Energy Generation in Zero Carbon Britain 2030

This morning, I went over the energy generation sector of the ZCB-2030 report I mentioned yesterday.  This is Chapter 8.  This post has a few graphs to illustrate the major choices made in the scenario.  Some things won't fully make sense until we go over the other sections, but let me try to summarize a few big picture assumptions of the scenario to try to motivate the rest.
  • Try to maintain a roughly similar middle-class lifestyle, with some compromises (eg less meat in the diet and less aviation usage).  But still, people would be living in similar quality warm housing to today, with ample food, readily available personal transportation, hot water, electricity at the flick of a switch, etc).
  • The transportation sector would be largely electrified (primarily via electric cars, but also via increased use of rail, electric scooters, etc).
  • Heat pumps would be heavily used for heat provision.  
  • The electrification of transportation and the use of heat pumps means that electricity demand would roughly double over today's level
  • Various forms of bio-energy (chiefly biogas and biochar) would be used to fill all the gaps.
  • Energy demand is assumed to be much smoother than today, primarily achieved by charging electric cars at night, and using a lot of thermal storage in buildings, so that heating can primarily be done at night when electricity demand would otherwise be lower, and then allowed to dissipate to the rest of the building during the day.
  • Relatively low levels of energy trade with the rest of the world are assumed (this isn't really necessary to make the zero-carbon part work, but I think reflects a general bias by environmentalists against trade).

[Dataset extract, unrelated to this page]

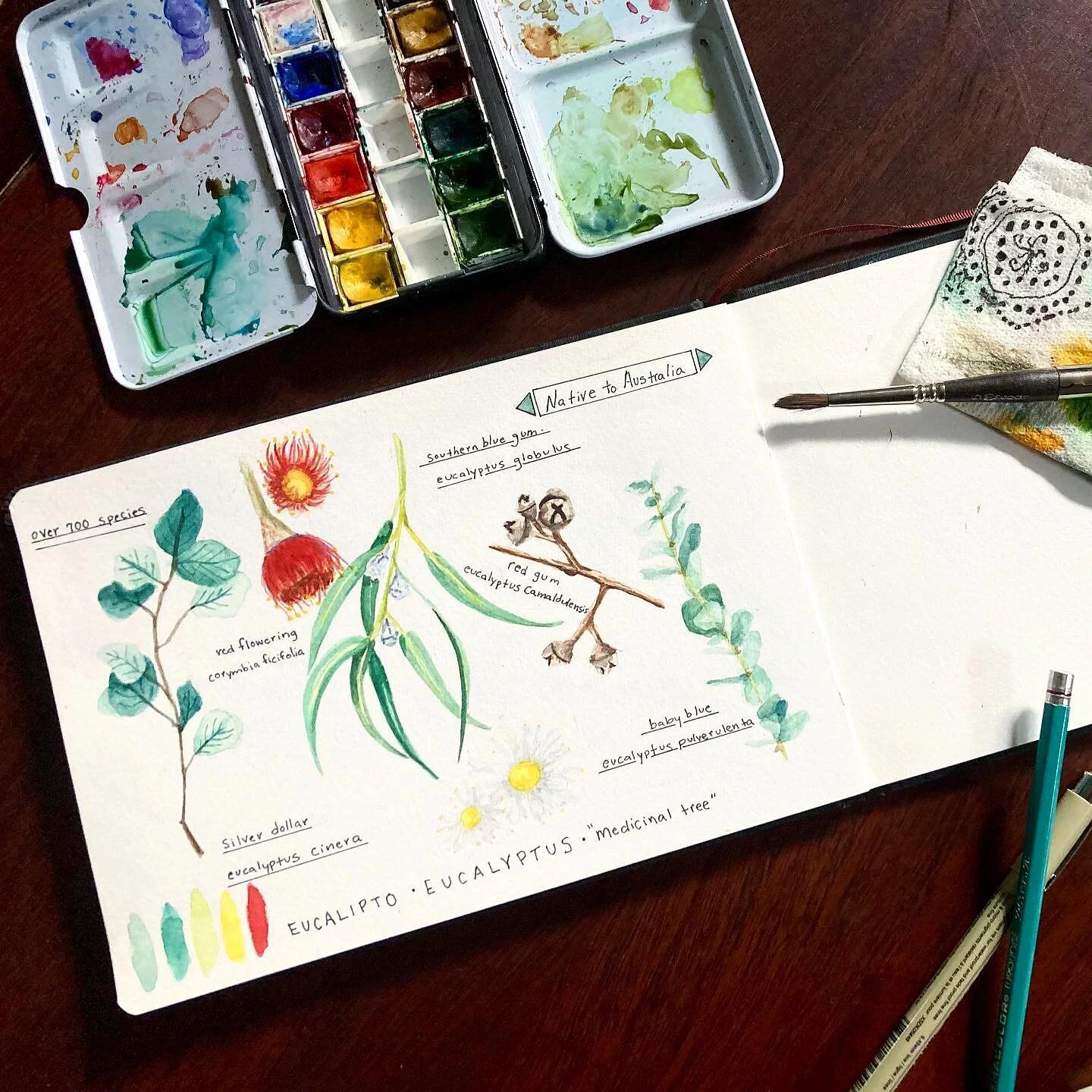 eucalipto // eucalyptus, i always associate the fragrance, colors, and look of this plant to my grandparents farm in the sabana de bogot&aacute;, colombia. walking in the evening from our house to the barn where my grandfather took me to milk the cow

 Here is overall delivered energy in this scenario:

As you can see, this relies very heavily on offshore wind.  In particularly, almost three quarters of electricity production is from offshore wind:


This reflects the facts that a) wind is the most mature of the renewable options, and b) Britain has an enormous wind resource, and is a pretty lousy place to put solar power, being too far north.  The 195GW box in this next map is the area that would be required to be covered in wind farms to provide as much power as is called for.  Obviously, it's a lot of wind turbines, but it's certainly a lot less than 100% of the potential resource.


The biggest issue I see with this set of choices is that, because the entirety of Britain can be nearly windless at times, a near-complete duplication of this generation capacity has to be maintained in the bio-electricity sector, and that will have very low utilization (and thus poor economics).  The implications for land-use of so much bioenergy we'll have to look at when we go over that chapter.

2 comments:

  1. Are you aware of Sustainable Energy Without the Hot Air by David Mackay; a very interesting analysis of the UK's non-fossil energy potential?

    The whole book, including summary, is available online. http://www.withouthotair.com/

    The argument is that it might be technically possible to do without fossil fuel and have a more efficient BAU, with various options available, although it would be politically difficult and take longer than 2030.

    The cost of the transition is not so well covered, and I have my doubts that we will be able to afford it.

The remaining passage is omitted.